__Task brief__.
All lines from the one containing "Louis Vuitton LV" to the end of the data below are to be returned exactly, both ends included, with nothing added.
Segment Start: Source material
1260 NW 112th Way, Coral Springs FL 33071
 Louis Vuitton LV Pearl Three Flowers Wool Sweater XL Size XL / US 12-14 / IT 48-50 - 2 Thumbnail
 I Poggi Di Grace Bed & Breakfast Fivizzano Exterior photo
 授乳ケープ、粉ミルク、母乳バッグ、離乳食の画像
Segment End: Source material
__Written answer__.
 Louis Vuitton LV Pearl Three Flowers Wool Sweater XL Size XL / US 12-14 / IT 48-50 - 2 Thumbnail
 I Poggi Di Grace Bed & Breakfast Fivizzano Exterior photo
 授乳ケープ、粉ミルク、母乳バッグ、離乳食の画像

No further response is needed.